High-speed machining of aluminium alloy using vegetable oil based small quantity lubrication

In an attempt to investigate the effectiveness of vegetable oil based small quantity lubrication in high-speed machining of aluminium, this study finds that its usefulness is more significant in an intermittent cutting process like end milling than in turning, where continuous cutting happens. The investigation was carried out using small quantity lubrication aerosol, produced by air atomization of sunflower oil at the rate of 100 ml/h for each cutting zone. In the high-speed turning operations, uncoated and polycrystalline diamond-tipped WC inserts were used. 5%-20% reduction of cutting force could be realized by small quantity lubrication application, compared to dry environment.

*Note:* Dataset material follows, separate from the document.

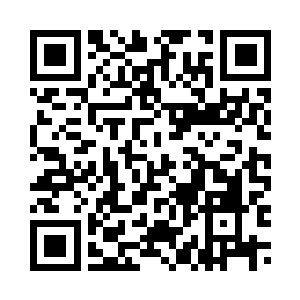 这三样是验明上任知县身份的凭证二维码生成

The highest order of reduction was observed when the cutting velocity was increased from 700 to 1000 m/min. At lower velocities, small quantity lubrication effect was almost insignificant. However, high-speed end milling operations received substantially superior benefit by small quantity lubrication application. The reduction of feed force was 30% or more among different cutting speeds. The beneficial effect of small quantity lubrication application was significantly more in machining commercially pure 1050 grade of aluminium than 7075 alloy. The required prevalence of the thick-film lubrication at the interface of chip and tool rake for arresting any possible diffusion of aluminium to tool material was significant in the intermittent cutting since every cutting edge drew in fresh micro-droplets of lubricant before resuming cutting in its next cycle of engagement with workpiece. Interestingly, the end milling performance of small quantity lubrication-assisted uncoated carbide was so good that diamond-coated tools were not necessary. Surface roughness profiles, chip morphology and traces of built up edge formation were critically investigated and the results clearly indicated the predominantly more favourable outcome of small quantity lubrication application in end milling, compared to turning.